ASSIGNMENT » Write out, with no changes, every line starting at the one that contains "There's also a" and ending at the last line of the data below. Leave pictures out.

** DATA LISTING follows **

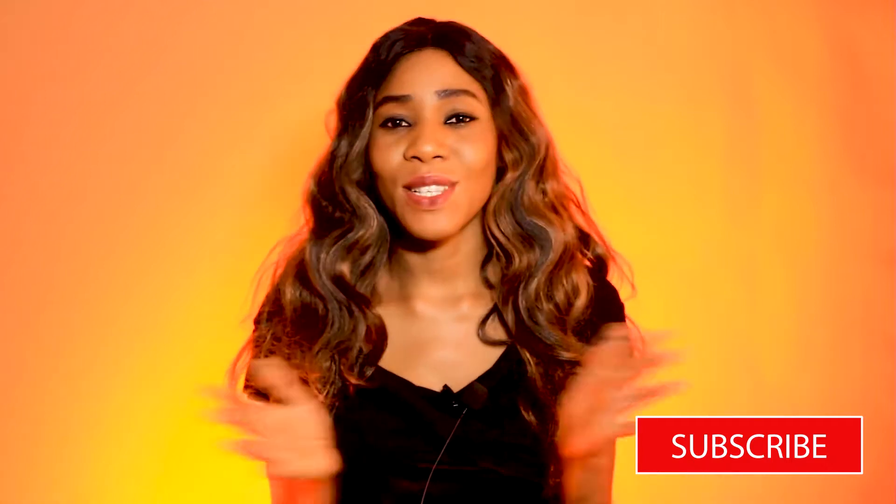Hi guys, welcome to my channel. If you're new here, thank you for stopping by. Don't forget to subscribe. I hope you enjoy this video, so make sure you do subscribe and join the family. Let's get to it.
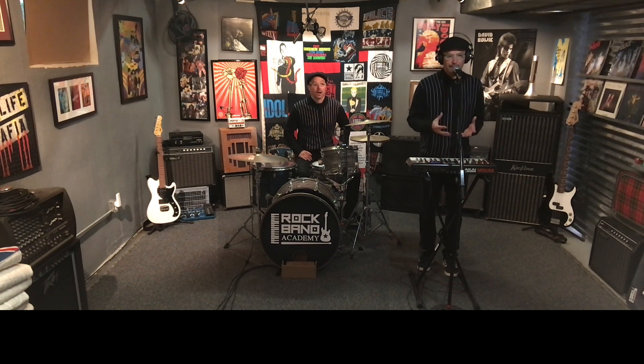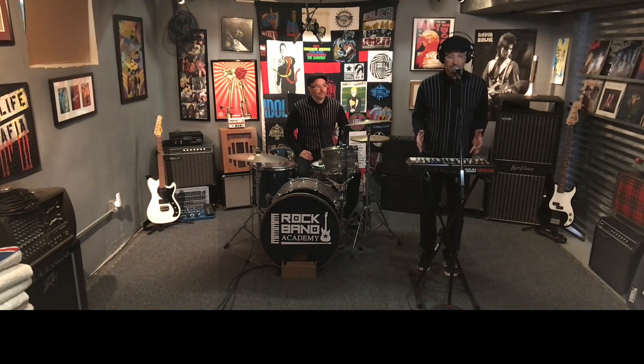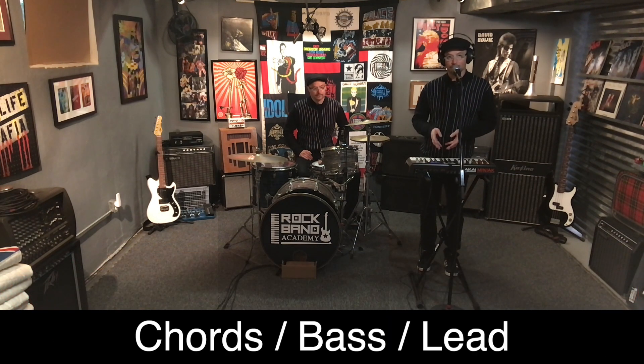Maybe you took piano lessons as a kid and you want to join a band, so you get yourself a keyboard. What I'm going to be using here is just a small little synthesizer, but there are all types of keyboards and electric pianos out there. You could join the band and blend in. I'm not saying that you need to replace someone, but this is just a demonstration on three different roles: playing chords, playing bass, and playing lead.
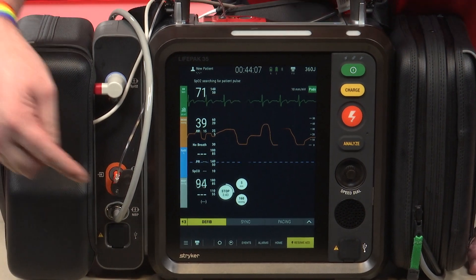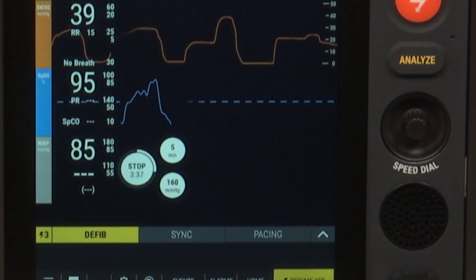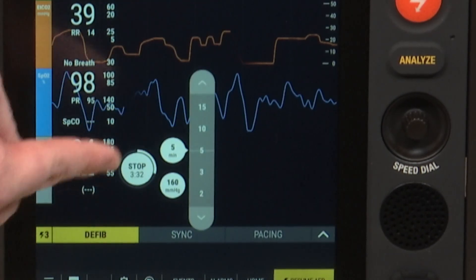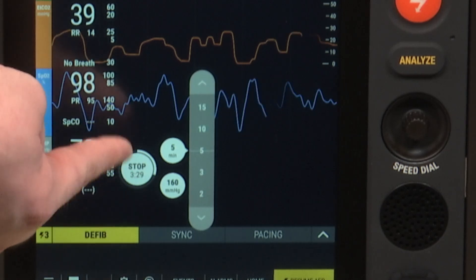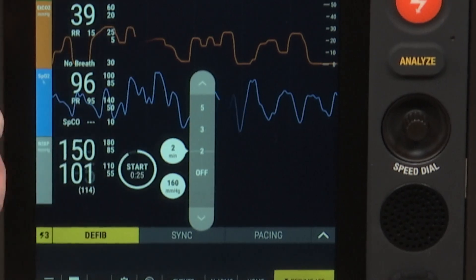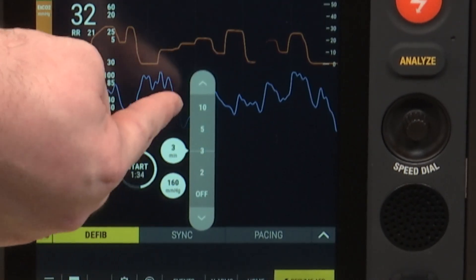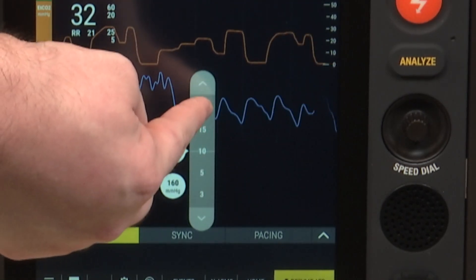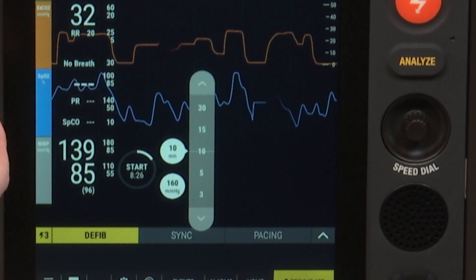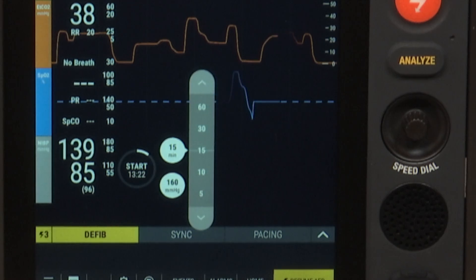Other things with the blood pressure: next to the start button there are two other options. The top one is the time interval — how often it will take a blood pressure. If I click on that, I get different time options. I can take it as often as every two minutes or as infrequently as every 15 or 30 minutes. Currently I have it set to five minutes, but if I wanted to switch it to every 15 minutes, I just press 15 and it changes on the screen.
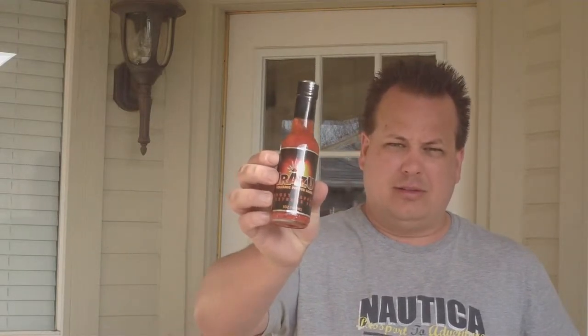Steve Smith here with TooHotToEat.com. Got another review we're doing over at ILoveItSpicy.com. This time it's for one called Arazu Volcanic Pepper Sauce — it says Ghost Pepper Extreme 70.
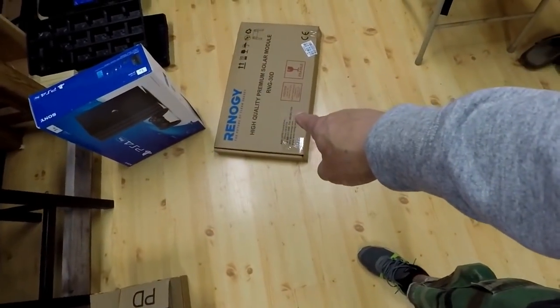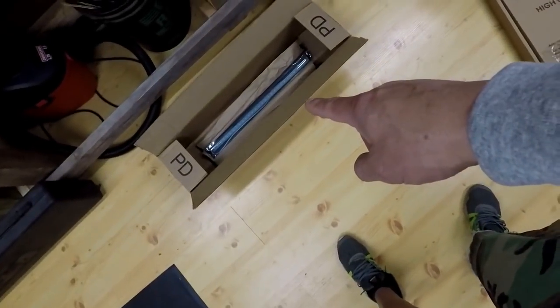Was this stuff expensive? Not really. Found this Renogy 30-watt kit on Amazon for, I want to say, 65 bucks. The LED light strip I believe I paid about nine bucks for. So total, about 70 bucks for the 30-watt kit and the LEDs. Already had the battery on hand. The only thing I'm missing is a switch, so I'm going to get me a switch.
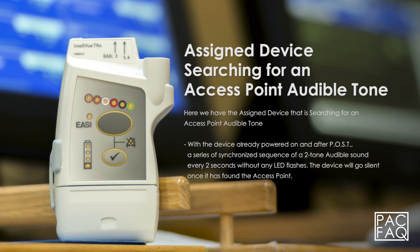Here we have the assigned device that is searching for an access point audible tone. With the device already powered on and after POST, a series of synchronized sequence of a two-tone audible sound every two seconds without any LED flashes. The device will go silent once it has found the access point.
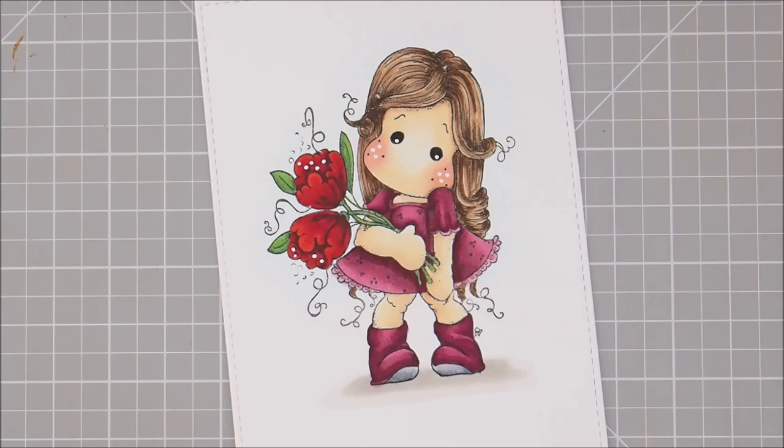There is our beautiful Tilda with Fantasy Flowers all colored up. Didn't she turn out fabulous? If you would like to see me put the card together, I will put a link to that at the top of the screen. Don't forget I will list all the supplies down in the description box. I really appreciate you shopping with me. If you'd like to see more pictures, head over to the store blog — there's a link in the description box. Don't forget to like, subscribe, and share my video. You can also just leave me a comment saying hi. I hope you had fun coloring today and are having a fabulous day, and we'll see you next time. Bye!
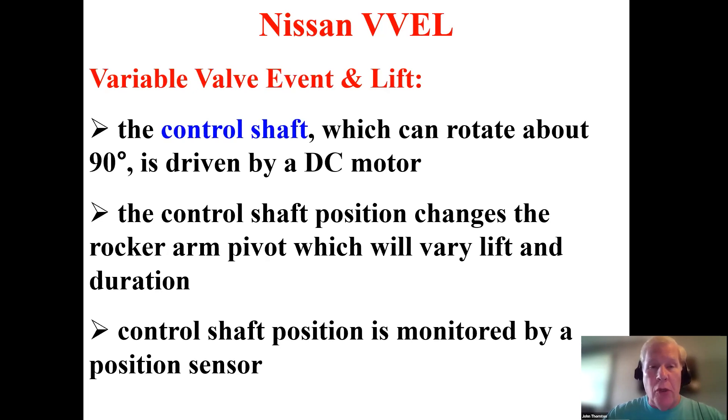There's also a second shaft called the control shaft. The control shaft does not spin like the intake shaft — it can rotate approximately 90 degrees, controlled by a large DC motor, not unlike early Valvetronic BMW systems. The job of the control shaft is to change the rocker arm pivot point. By changing the pivot, we can vary lift and duration. The control shaft is monitored by a position sensor that outputs a raw voltage of approximately 600 millivolts key-on engine-off, then converted into degrees. At idle we might see 6, 7, 8 degrees; running down the road at higher load, that number moves to 30, 40, 50, 60 degrees.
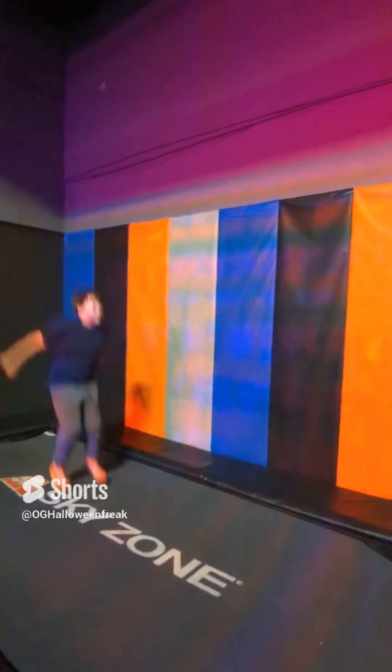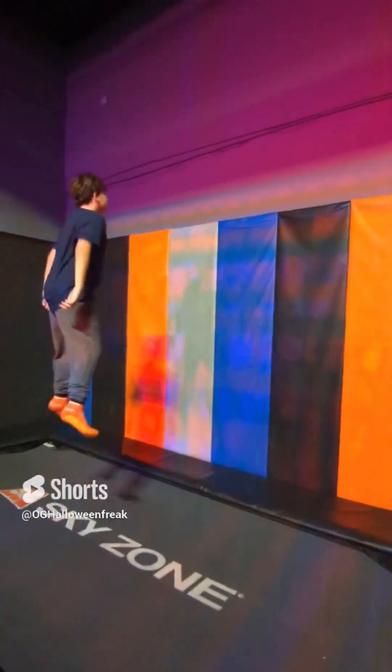There's really not a lot to say with this one. It's just me jumping on a trampoline, so once again, just enjoy the music.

** End of DATA LISTING **

YOUR SOLUTION »
There's also a second shaft called the control shaft. The control shaft does not spin like the intake shaft — it can rotate approximately 90 degrees, controlled by a large DC motor, not unlike early Valvetronic BMW systems. The job of the control shaft is to change the rocker arm pivot point. By changing the pivot, we can vary lift and duration. The control shaft is monitored by a position sensor that outputs a raw voltage of approximately 600 millivolts key-on engine-off, then converted into degrees. At idle we might see 6, 7, 8 degrees; running down the road at higher load, that number moves to 30, 40, 50, 60 degrees.
There's really not a lot to say with this one. It's just me jumping on a trampoline, so once again, just enjoy the music.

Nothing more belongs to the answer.